How can I find the kernel of $\phi$? We have the homomorhism $\phi: \mathbb{C}[x,y] \to \mathbb{C}$ with $\phi(z)=z, \forall z \in \mathbb{C}, \phi(x)=1, \phi(y)=0$. I have shown that for $p(x,y)=a_0+\sum_{k,\lambda=1}^m a_{k \lambda} (x-1)^k y^{\lambda}$, we have $\phi(p(x,y))=a_0 \in \mathbb{C}$. How can I find the kernel of $\phi$ ?
 A: As you suspect, the kernel is indeed $\langle x-1, y \rangle$. 
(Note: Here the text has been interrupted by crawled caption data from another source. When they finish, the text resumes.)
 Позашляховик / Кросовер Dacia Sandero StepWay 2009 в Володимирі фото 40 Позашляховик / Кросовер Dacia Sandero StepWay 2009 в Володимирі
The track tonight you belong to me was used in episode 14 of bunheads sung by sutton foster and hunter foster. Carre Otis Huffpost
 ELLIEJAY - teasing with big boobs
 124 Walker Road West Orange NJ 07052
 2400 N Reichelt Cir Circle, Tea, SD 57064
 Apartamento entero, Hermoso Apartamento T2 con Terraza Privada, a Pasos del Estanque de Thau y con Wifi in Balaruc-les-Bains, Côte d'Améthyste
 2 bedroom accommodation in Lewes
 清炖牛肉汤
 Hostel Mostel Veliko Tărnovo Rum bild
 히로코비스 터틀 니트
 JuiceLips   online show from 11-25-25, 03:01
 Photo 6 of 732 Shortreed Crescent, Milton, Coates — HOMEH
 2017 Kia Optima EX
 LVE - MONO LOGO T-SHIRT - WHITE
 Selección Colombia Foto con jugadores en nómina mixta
To see this, note that your homomorphism is really just the evaluation homomorphism at $(1, 0)$. Then $\langle x-1, y \rangle \subset \ker \phi$, since $p(x ,y) \in \langle x-1, y \rangle$ implies $p(x,y) = (x-1)p_{1}(x,y) + yp_{2}(x,y)$ for some $p_{1}(x, y), p_{2}(x,y) \in \mathbb{C}[x,y]$, i.e. $p(1,0) = 0$. 
Consider the evaluation map $\rho: \mathbb{C}[x,y]\rightarrow \mathbb{C}[y]$ given by evaluation at $x=1$. Clearly, the kernel of $\rho$ is $\langle x-1 \rangle$, so $\mathbb{C}[x,y]/\langle x-1\rangle \cong \mathbb{C}[y]$. Then, to see that $\ker \phi \subset \langle x-1, y \rangle$, let $p(x,y) \in \ker \phi$. Then $p(1,0) = 0$. As noted by user Krish, we can divide by the monic $x-1$ viewing $x-1$ as a polynomial in $x$ over the ring $\mathbb{C}[y]$. Doing so gives $p(x,y) = (x-1)g(x,y) + k(x,y)$ for some $g(x,y), k(x,y) \in \mathbb{C}[x,y]$. Evaluating at $1$, we find $p(1,y) = k(1,y) = \alpha(y)$ for some $\alpha(y) \in \mathbb{C}[y]$. Then $p(1,0) = \alpha(0) = 0$, so in particular, $y \mid \alpha(y) = k(1,y)$, so $y \mid k(x,y)$. Hence, $p(x,y) \in \langle x-1, y \rangle$. 
A: @AWertheim: $\mathbb{C}[x, y]$ is not an Euclidean domain. It's not even a PID. But your answer is right. We can consider $x - 1$ as a polynomial in $x$ over the ring $\mathbb{C}[y]$, and since it is a monic polynomial (in $x$), we can use division algorithm. The same holds for $y$. (since I don't have enough reputation point, I can't add comments. that's why I'm forced to write this as a separate answer. sorry.)
A: There is no need at all to compute with polynomials.
Since $x-1$ and $y$ lie in the kernel of $\phi$, it lifts to a homomorphism $\psi : \mathbb{C}[x,y]/(x-1,y) \to \mathbb{C}$. It is bijective, i.e. the kernel of $\phi$ is precisely $(x-1,y)$, since we can construct an inverse homomorphism: Every $\mathbb{C}$-algebra $A$ has a unique homomorphism $\mathbb{C} \to A$.  Applying this to $A=\mathbb{C}[x,y]/(x-1,y)$, we obtain a homomorphism $\alpha : \mathbb{C} \to A$ such that $\psi \alpha = \mathrm{id}$ (because of uniqueness). In order to check $\alpha \psi = \mathrm{id}_A$, it suffices to check this on the two algebra generators $[x]$ and $[y]$ of $A$. But $\alpha(\psi([x]))=\alpha(1)=[1]=[x]$ and $\alpha(\psi([y]))=\alpha(0)=[0]=[y]$.
You should think of this as follows: $\mathbb{C}[x,y]$ is the universal $\mathbb{C}$-algebra on two generators $x,y$. Taking the quotient by $(x-1,y)$ means that we enforce $x=1$ and $y=0$ (and nothing more), so that the generators become redundant and the quotient reduces to the free $\mathbb{C}$-algebra on $0$ generators, i.e. $\mathbb{C}$. No computation is needed. Now evaluate $\mathbb{C}[x,y]/(x^2-y)$ or $\mathbb{C}[x,y,z]/(xy-z,y-1)$ without computation.